** Supplied material follows **

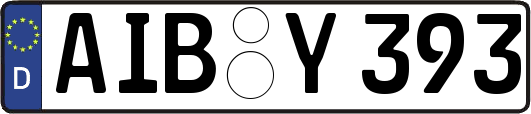AIB-Y393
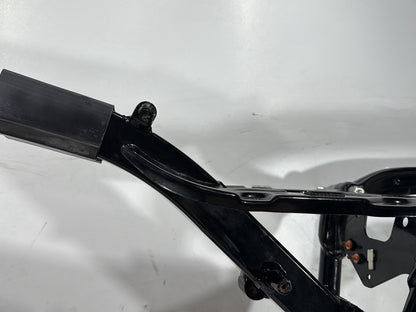 2010 Harley Dyna Fat Bob FXDF OEM Body Main Frame Chassis SLVG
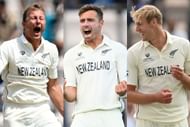 मुंबई टेस्ट में कीवी टीम इन तीनों गेंदबाजों को एक साथ खिलाना चाहेगी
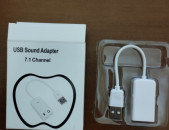 USB to AUDIO 7.1 Sound card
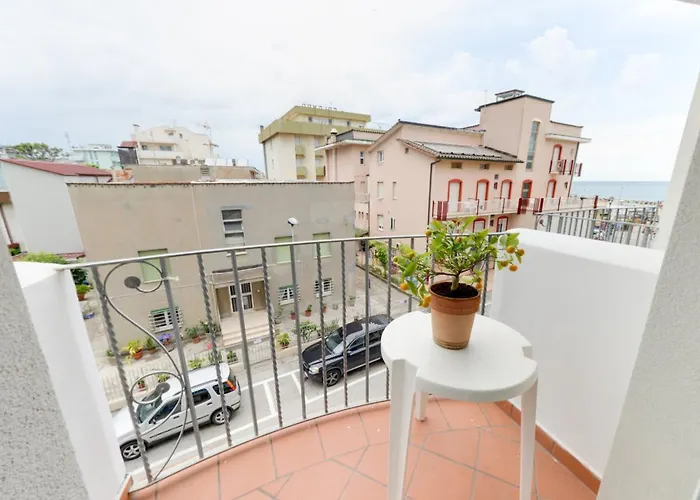 Mediterraneo Aparthotel Rimini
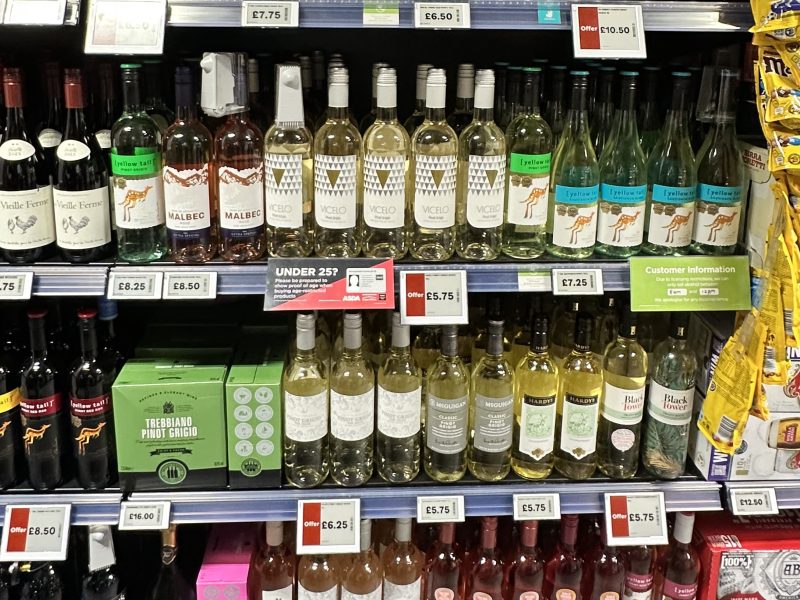 Asda ESLs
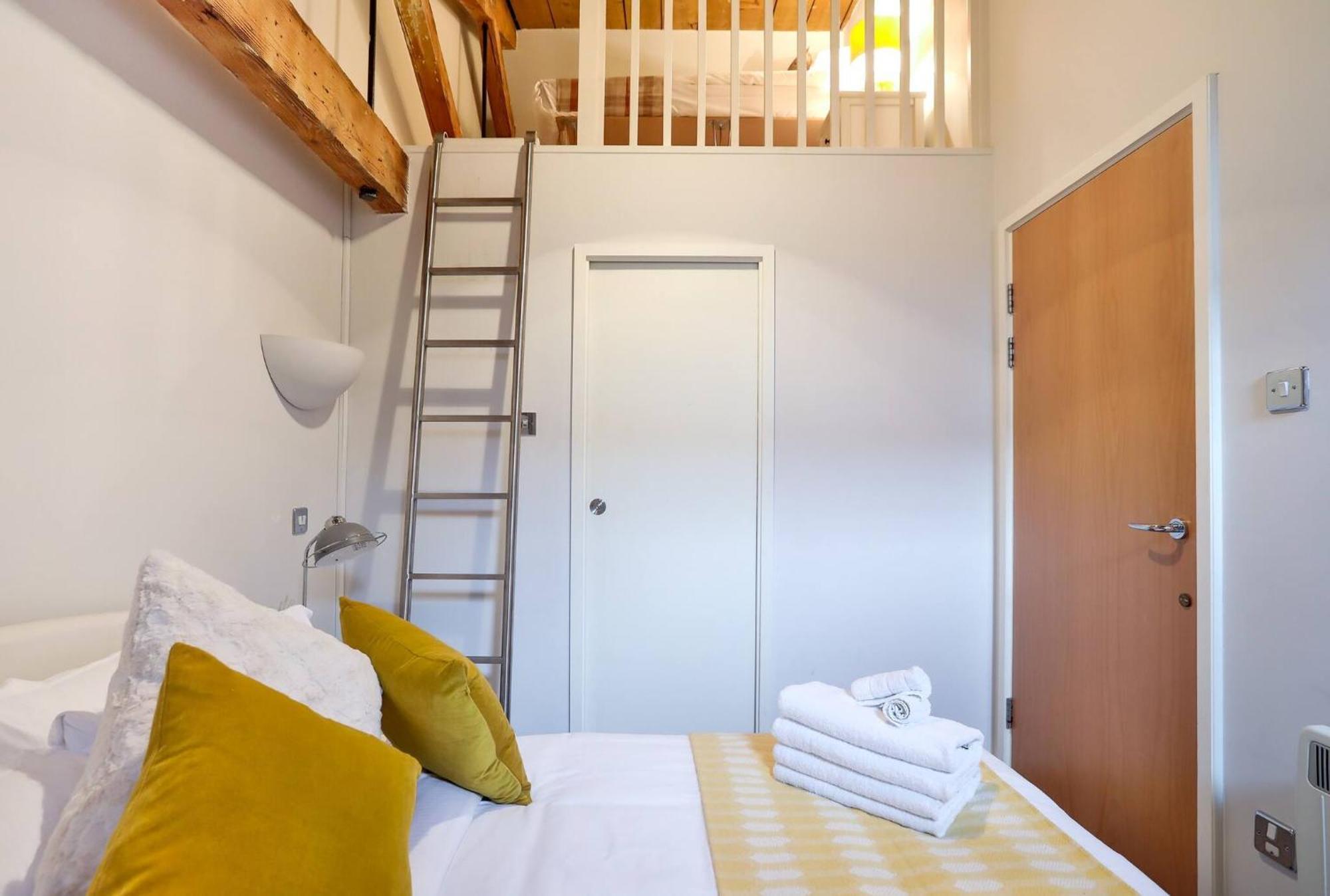 Wild Roses Serviced Apartments - Excel Warehouse 1 Londres Exterior foto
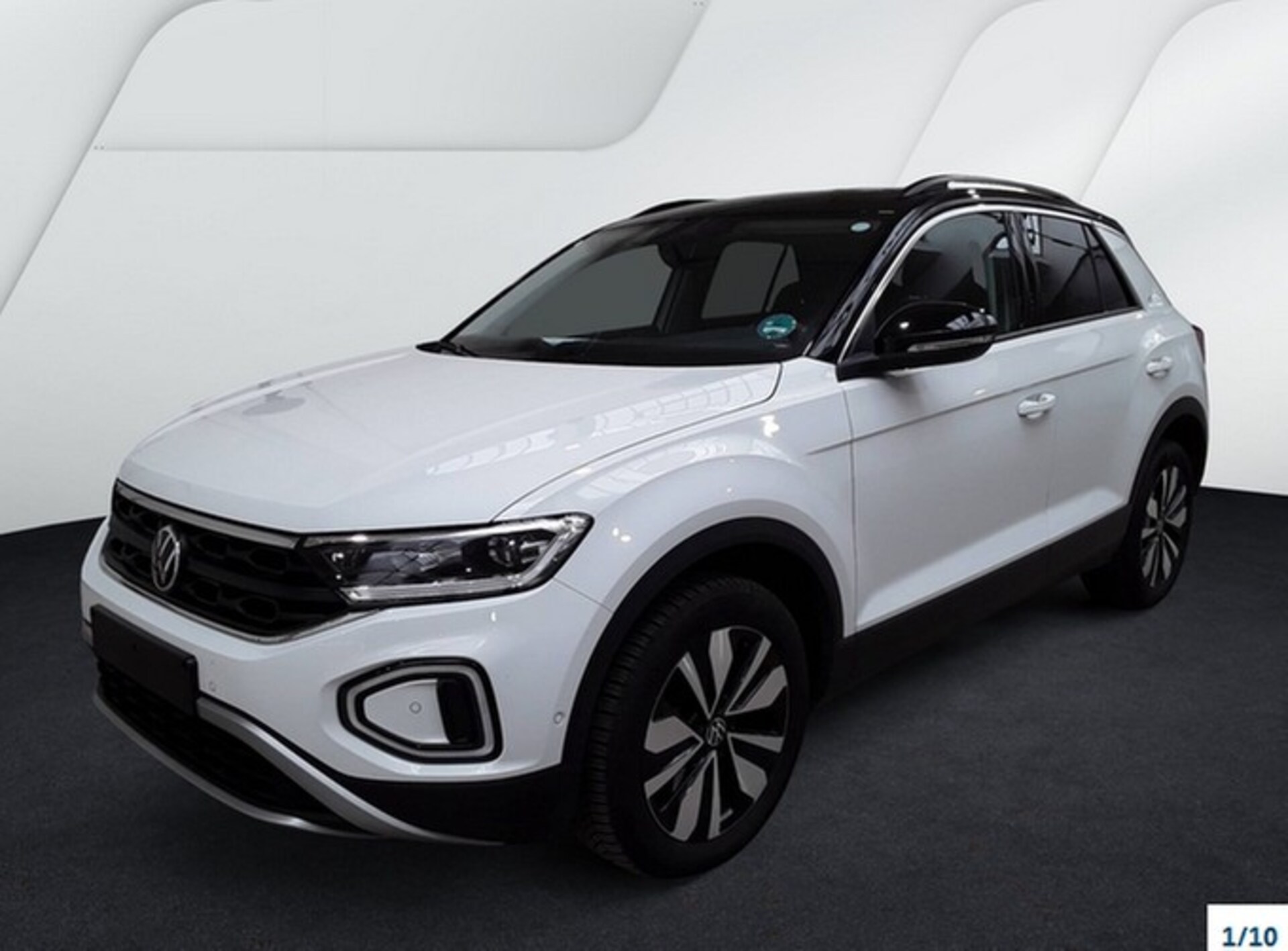 Volkswagen T-Roc Life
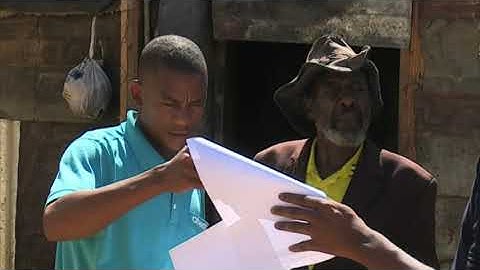 Informal Settlement Upgrading Pilot Project beneficiaries want NHE out of the project -  NBC
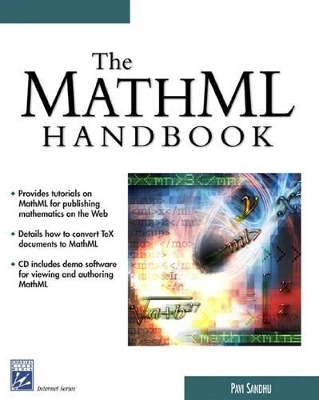 The MathML Handbook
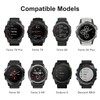 Watch Strap for Garmin Fenix 8X/Fenix 7X/Fenix 6X/Fenix 5X,26mm QuickFit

** End of Supplied material **

= What needs to be done =
Write out each line of the data above exactly, starting at the top and finishing with the line containing "Volkswagen T-Roc Life"; omit the pictures.

= Task answer =
AIB-Y393
 2010 Harley Dyna Fat Bob FXDF OEM Body Main Frame Chassis SLVG
 मुंबई टेस्ट में कीवी टीम इन तीनों गेंदबाजों को एक साथ खिलाना चाहेगी
 USB to AUDIO 7.1 Sound card
 Mediterraneo Aparthotel Rimini
 Asda ESLs
 Wild Roses Serviced Apartments - Excel Warehouse 1 Londres Exterior foto
 Volkswagen T-Roc Life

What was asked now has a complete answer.